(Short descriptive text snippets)
● ● ● ● ●
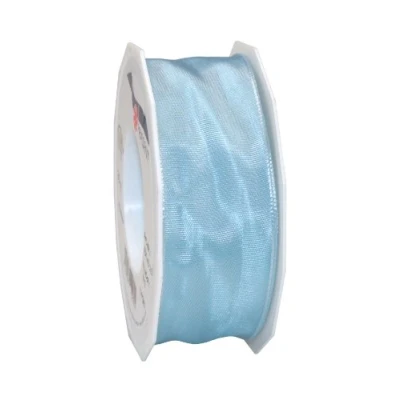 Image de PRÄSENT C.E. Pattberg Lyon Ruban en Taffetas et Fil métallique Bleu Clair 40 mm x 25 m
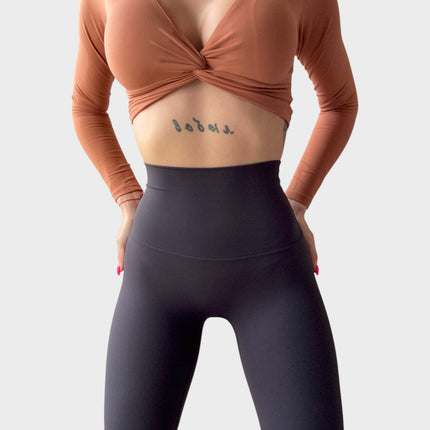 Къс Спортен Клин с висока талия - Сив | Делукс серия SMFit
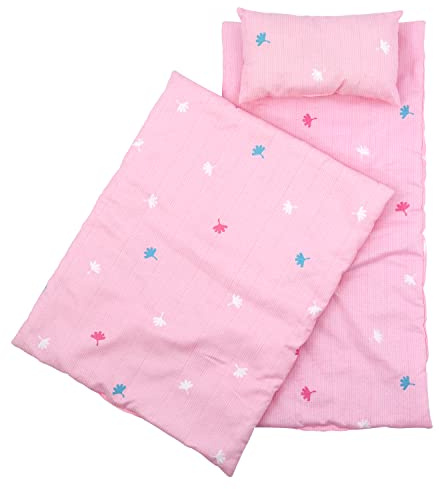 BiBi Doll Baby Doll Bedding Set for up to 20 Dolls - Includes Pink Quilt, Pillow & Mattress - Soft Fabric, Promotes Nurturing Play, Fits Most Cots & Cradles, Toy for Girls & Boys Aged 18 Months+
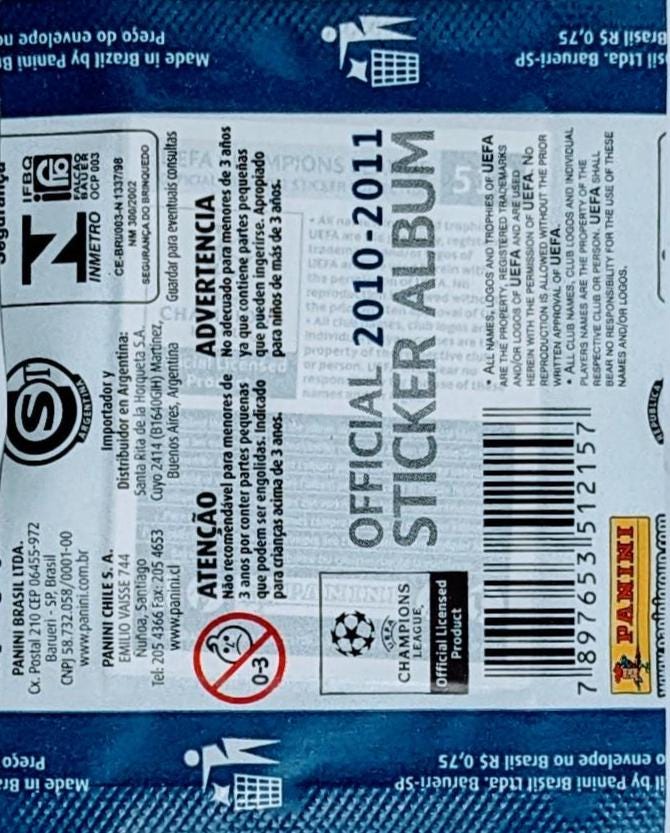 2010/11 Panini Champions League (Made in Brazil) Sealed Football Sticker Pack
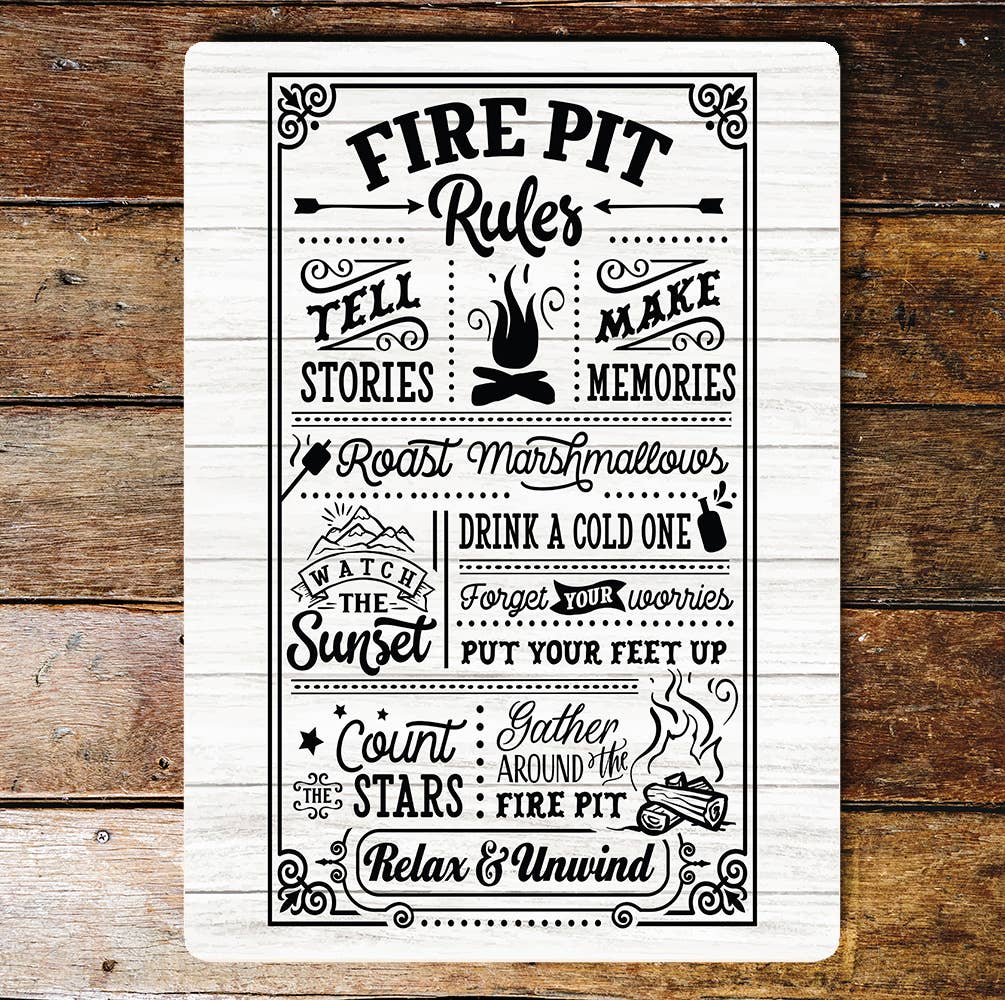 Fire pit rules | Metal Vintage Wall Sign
● ● ● ● ●
Please print all the data above word for word. Pictures should not appear in the copy.

=== Task answer ===
 Image de PRÄSENT C.E. Pattberg Lyon Ruban en Taffetas et Fil métallique Bleu Clair 40 mm x 25 m
 Къс Спортен Клин с висока талия - Сив | Делукс серия SMFit
 BiBi Doll Baby Doll Bedding Set for up to 20 Dolls - Includes Pink Quilt, Pillow & Mattress - Soft Fabric, Promotes Nurturing Play, Fits Most Cots & Cradles, Toy for Girls & Boys Aged 18 Months+
 2010/11 Panini Champions League (Made in Brazil) Sealed Football Sticker Pack
 Fire pit rules | Metal Vintage Wall Sign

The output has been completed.